DAILY NEWS CLIP: December 16, 2024

Kids mental health programs in CT are running out of money and at risk of shutting down


Stamford Advocate – Monday, December 16, 2024
By Alex Putterman

Over the next six months, Connecticut lawmakers will reveal the extent to which children’s mental health remains a priority for the state.

Several of Connecticut’s most innovative efforts to help kids in crisis have survived over recent years largely on funds from the federal American Rescue Plan Act. Now, with that money spent, providers say the programs can only continue if the state steps up with permanent funding.

“If the legislature doesn’t replace the ARPA dollars, then probably what is one of the nation’s most recognized and well-designed crisis systems will collapse,” Gary Steck, CEO of Wellmore Behavioral Health in Waterbury, said in a recent interview. “There’s no nice way to say it.”

Christina Ghio, the state’s acting child advocate, offers the same assessment.

“Without funding, (key initiatives) would not continue to operate,” she said.

Among the programs that previously relied on ARPA money and will now require additional state funding:

  • Four urgent crisis centers — in New Haven, Waterbury, Hartford and New London — that offer a softer alternative to the emergency room for kids in mental health crisis
  • Crisis stabilization beds in Hartford for children with mental health needs requiring overnight care
  • A 24-hour mobile crisis intervention service providing in-person response for kids in crisis, which previously ran from 6 a.m. to 10 p.m. but had its hours extended in 2023 using federal funds

Whether these programs are funded, and at what level, will be up to Gov. Ned Lamont and the state legislature, who will negotiate a budget during the legislative session that begins Jan. 8 and ends in early June.

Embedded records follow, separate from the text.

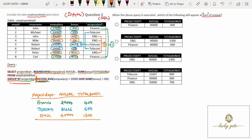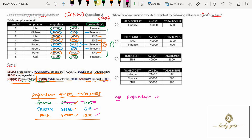This output is now filtered by the HAVING clause. The HAVING clause has two conditions: average emp_salary must be greater than 20,000, and sum of bonus must be greater than 500. All three groups satisfy avg salary > 20,000. However, Finance has total bonus = 400, which is NOT greater than 500 — so Finance is excluded. Telecom (600) and ENG (1,300) both satisfy the condition.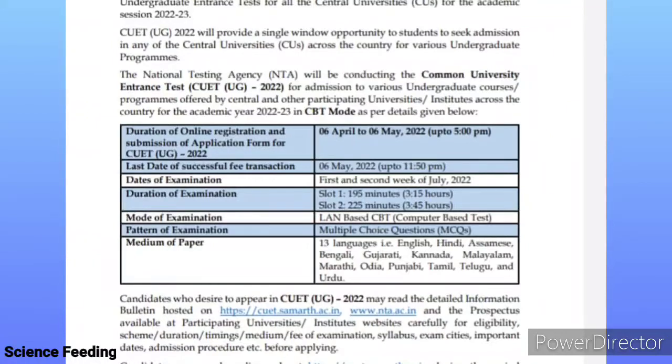The date of examination is the 1st and 2nd week of July 2022.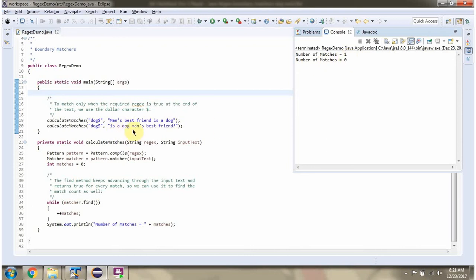In this input text, dog is not there at the end of the input text. So we will get number of matches as 0. Here you can see the output.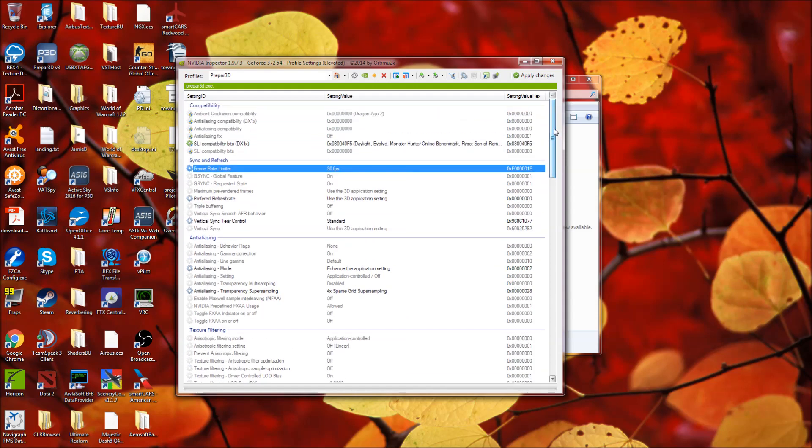I'll take screenshots of this and post that in there. However, you can just look at this and see for yourself. And by in there, I mean in the description so that you can reference NVIDIA Inspector.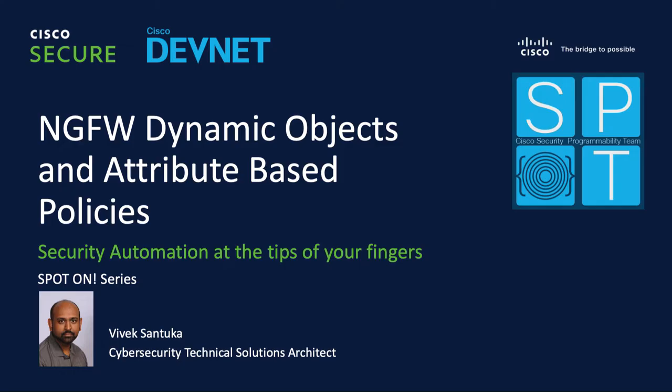Hello everyone. My name is Vivek. I am a security architect with Cisco and I'm going to be here to talk about a new feature in NextGen firewall called dynamic objects and attribute based policies.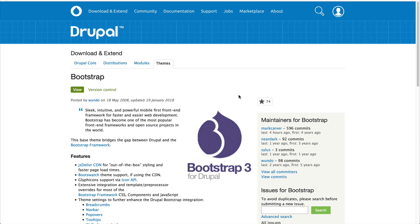Downloading the Bootstrap theme is pretty straightforward. Just like any other theme or module in Drupal 8, it can be downloaded in three ways.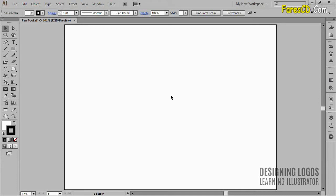Now what pen tool does is it creates paths that go from one anchor point to another. Paths can be regular or irregular, open or closed. It's better to always close them, by the way.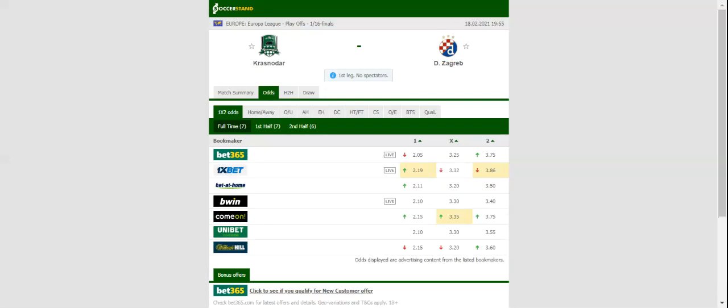We believe that punters can find value in betting on a draw. It has to be noted that Dinamo Zagreb are undefeated in the previous seven games in the Europa League. This match will be played on 18-02-2021 at 20:55. Prediction: 1-1.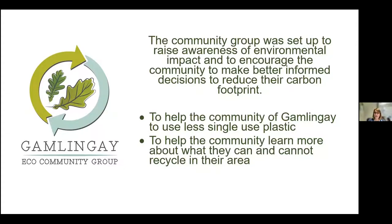The group was born out of concern between myself and a friend about how much single-use plastic is used. When we saw the funding advertised, we thought we could apply. We had nothing — no group set up at all. So we literally had to set up Gambling Gate Eco Community Group, get a bank account, write a constitution, and put policies and procedures in place — all what Sally was talking about. We actually found it quite a simple process. We read all the guidance, had our ideas, but still weren't sure if it was a fit, so we met with South Cambridgeshire District Council with Emma and a colleague to sound out our ideas.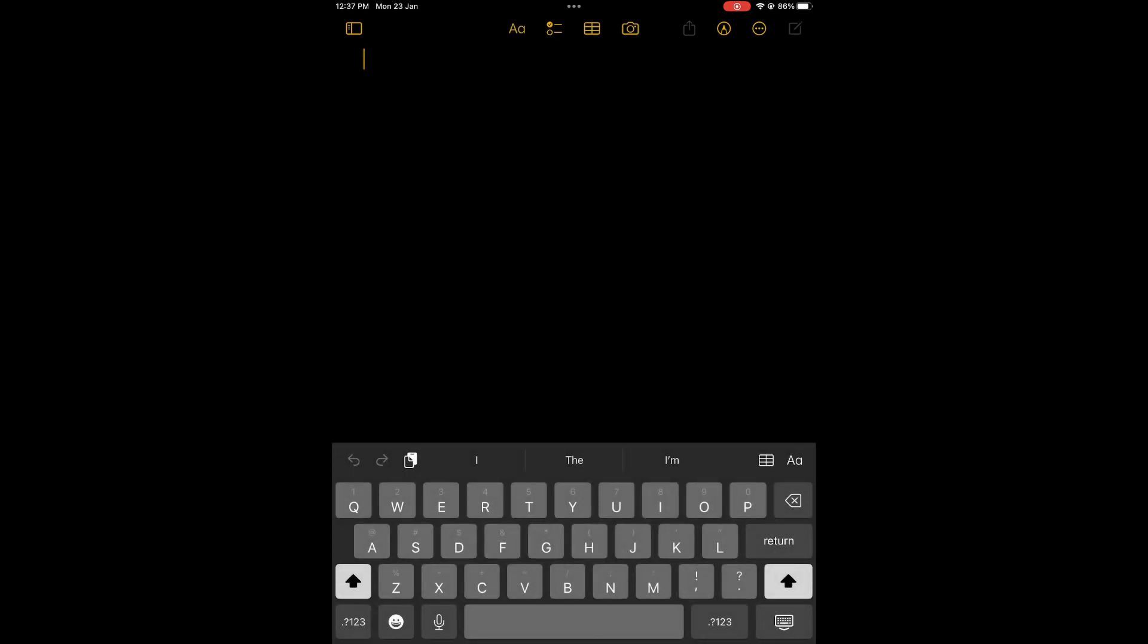Now to split it, all you'll need to do is press down on the keyboard option in the bottom right hand corner. Then you are going to glide up and you are going to select split.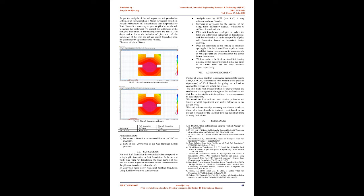Conclusion: Pile with raft foundation is economical when compared to a single pile foundation or raft foundation. In the present work piled with raft foundation, the load sharing of pile and raft results in gradual reduction of soil settlement when the piles are introduced below the raft. By analyzing multi-story residential building foundation using SAFE software we conclude that analysis done by SAFE VER.12.3.2 is very efficient and user-friendly. Software is developed for the analysis of raft using finite difference method, estimation of stiffness for soil and pile. Piled raft foundation is adopted to reduce the total and differential settlement of foundations and thus estimation of settlement profile of piled raft foundation forms an important design exercise. Piles are introduced at 6 m spacing as minimum spacing is 2.5 m but it would lead to pile action. To avoid that, senior recommended to introduce pile at 6 m as per grid and we assured that pile comes below the column. We have reduced the settlement and soil bearing pressure within the permissible limit as per given in IS code 1904 colon 1986 and geotechnical report respectively.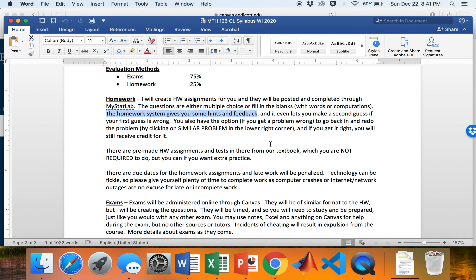That's about it for MyStatLab. Back in Canvas, everything is organized into units — Unit 1, 2, 3, and so on. The midterm and final exams are also listed here. For each exam you should click on the 'Details and Instructions' link before attempting it, and only click the exam link itself when you're actually ready to take it.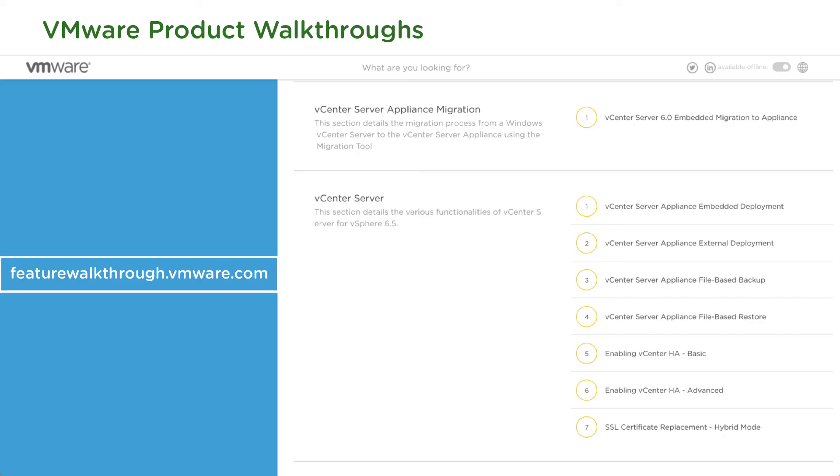Check out some of these features at the VMware product walkthrough, and remember to check out pubs.vmware.com. Thank you.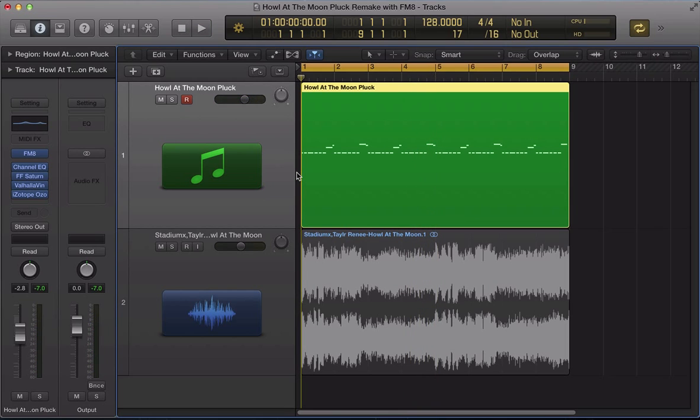Hey guys, welcome back to ADSR FM8 tutorials. In this tutorial we're going to do a remake of the pluck sound from Stadium X and Taylor Rennie's Howl at the Moon.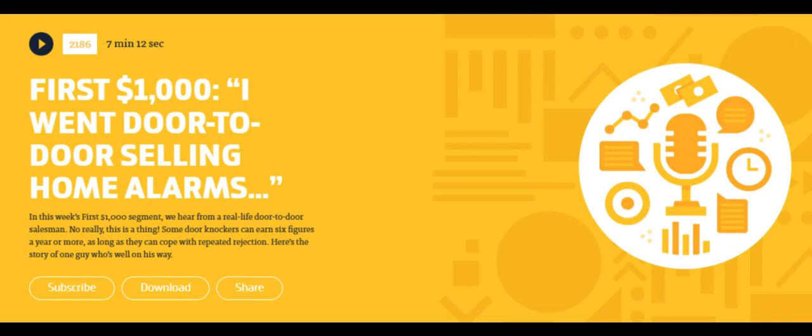The conversion rate in this field is really low. Sometimes it's an average of one sale for every 200 doors knocked, which is a lot of rejection. That number also includes people who don't answer the door. But the point is, you're not going to be moving a ton of product doing this.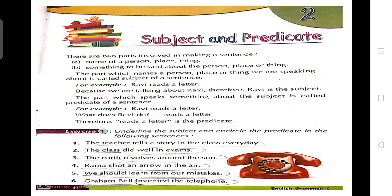Now let's see what is written in your book. There are two parts involved in making a sentence. Subject is what or whom the sentence is about. Jab bhi aap sentence banaate ho, unki two parts hote hai — first is subject and second is predicate. A name of a person, place or thing — that means subject aapka kisi person ka naam ho sakta hai, place ho sakta hai, ya koi cheez ho sakta hai. Something to be said about the subject — that is your predicate. The part which names a person, place or thing we are speaking about is called the subject of a sentence.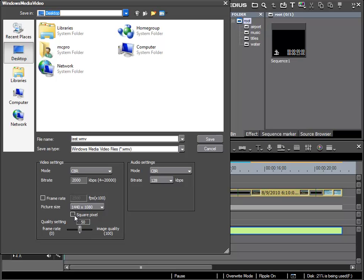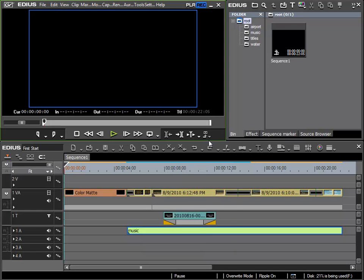Experienced users could modify the settings to achieve better results in certain situations. I will use the standard settings and have also given it a name, Test. All that remains is for me to click Save to start the export process.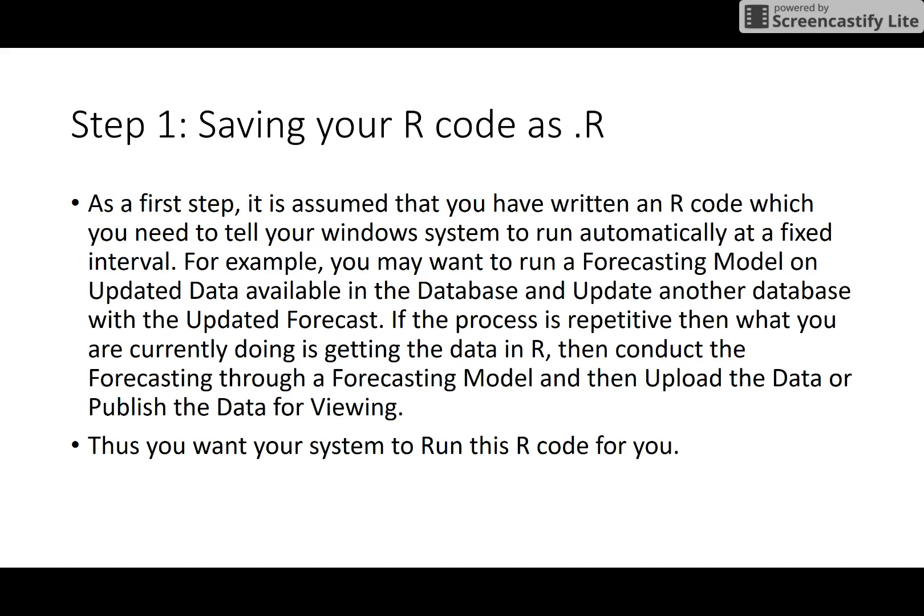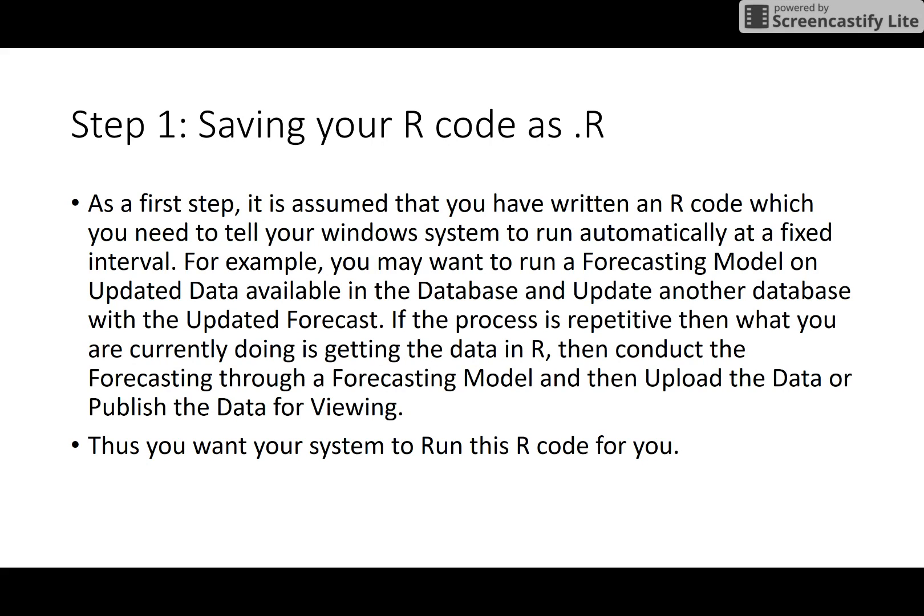For example, you have written an R code which you need to tell your Windows system to run automatically at a fixed interval. For example, you may want to run a forecasting model on updated data that is available in the database every day. So data is getting updated every day and you want to update another database with the updated forecast. If the process is really repetitive, then what you are currently doing is getting the data in R.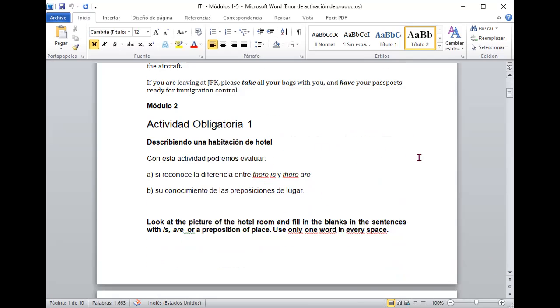We are going to describe the hotel, and we are going to use the there is and the there are, which are expressions in English, which means there is something in a place. So, no it is that the place has something, it is in the place, there are things. So, we use the expression there is and there are for plural.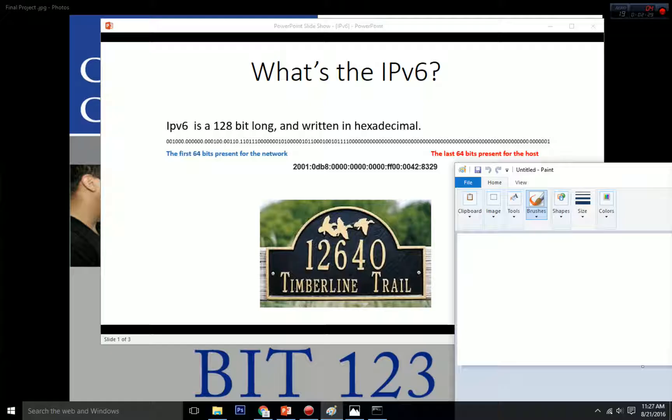The second group has one leading zero and the seventh group has two leading zeros — we can omit them. But remember, if you omit the leading zeros, you have to omit them in every group. You cannot just omit one group and leave the zero in another group. For example, we have 2001:db8 and then 42 — we cannot just omit one and leave the zero in the seventh group. We have to omit all of them.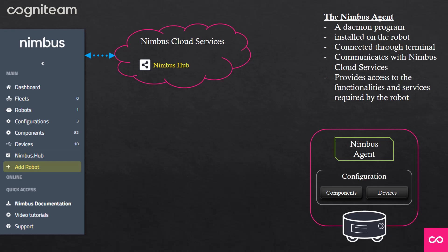Another part of the Nimbus system is the Nimbus Agent. When you add a new robot, you will get an installation line which will install the Nimbus Agent on your robot with all its required dependencies. The Nimbus Agent communicates with the Nimbus cloud services and provides access to the functionalities and services required by the robot.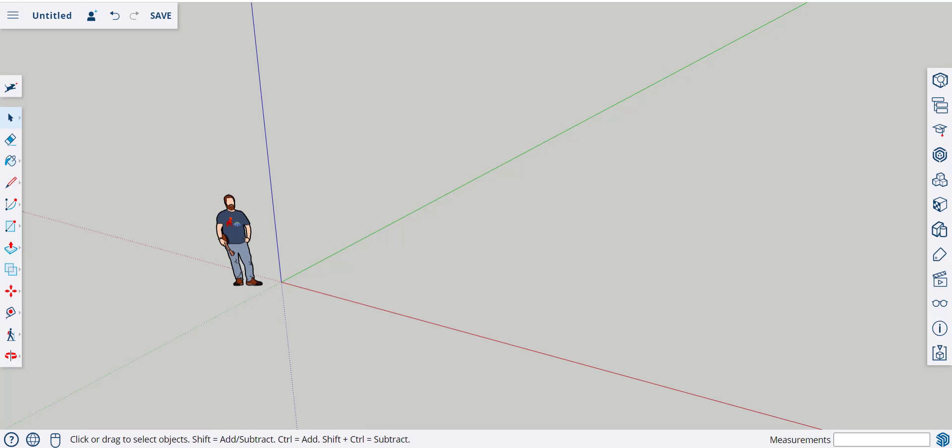In this video, we'll talk about Live Components. This is a new feature from SketchUp Labs.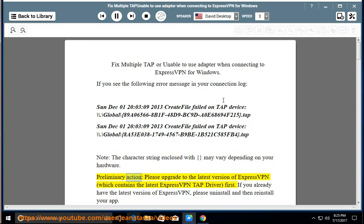Preliminary Action: Please upgrade to the latest version of ExpressVPN, which contains the latest ExpressVPN TAP Driver first. If you already have the latest version of ExpressVPN, please uninstall and then reinstall your app.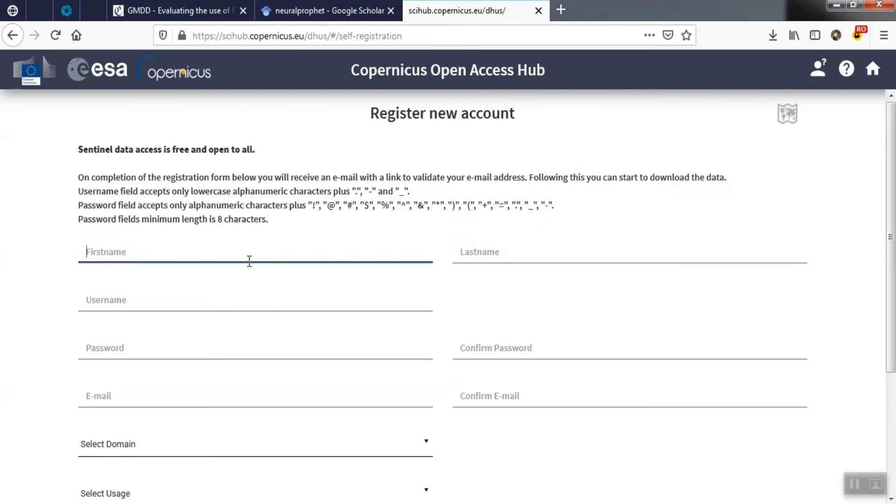As the registration confirmation showed, we will verify the registration from our email.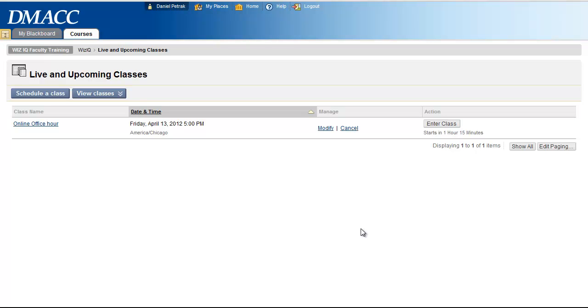Once you've created a session to be used in WizIQ, you definitely want to get your students there. The way you get your students there is to direct them to the same place you went to create the session.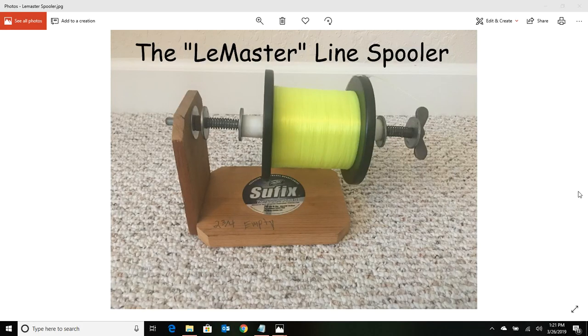Okay, this video is on making your own line spooler. If you're a surf fisherman, you're going to have to replace all of your mono at least once a year. Otherwise, when you're dragging in that big four-pound pompano, your line's going to break.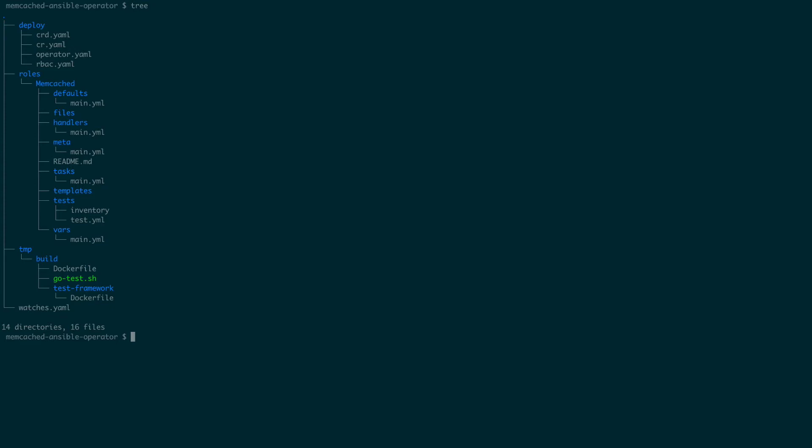The temp folder contains the docker file, which we'll use later to containerize our operator. Now that we have created the directory structure, let's make some edits.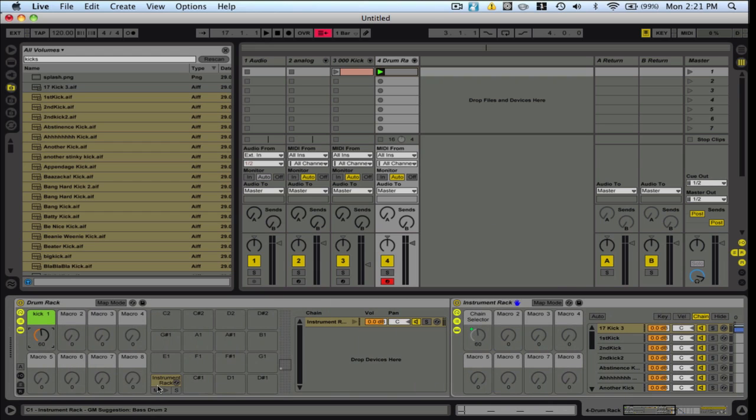So what you essentially do, you repeat the steps here. And you can basically have a preset where you've got all sorts of different kit sounds. And you can build your drum kits really, really easily. So I hope that helps you in building your beats.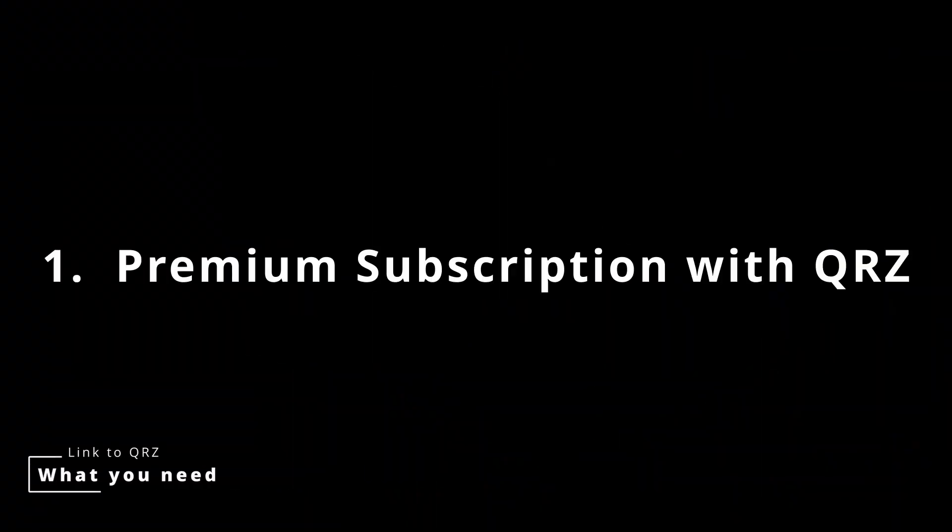First, you'll need three things from QRZ. Number one, a premium subscription from QRZ. If you do not have a premium subscription, I will show you how to export your ADIF log to your Geocron at the end of this video.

Jodi Hill-Lilly, commissioner of Connecticut’s Department of Children and Families, was noncommittal when asked whether the state would replace the lapsed ARPA money. In a statement, Hill-Lilly said the agency’s budget “is still being developed” and that officials “continue to collaborate with our community partners to determine if there is a gap in funding and if one exists, how to successfully support them and mitigate the deficiency.”

Discussion of how to fund children’s mental health programs comes as youth suicides increase both nationally and in Connecticut. As some advocates see it, maintaining a strong continuum of care could be a matter of life and death.

“It’s a very good service system. It’s one of the best in the country,” said Jeff Vanderploeg, president of the Child Health and Development Institute of Connecticut. “And when you have something that’s good, you can’t let it wither on the vine.”

‘Life-saving care’

Dr. Laine Taylor, chief medical officer at The Village for Families and Children in Hartford, tells of a recent patient who told her school guidance counselor she was having thoughts of suicide.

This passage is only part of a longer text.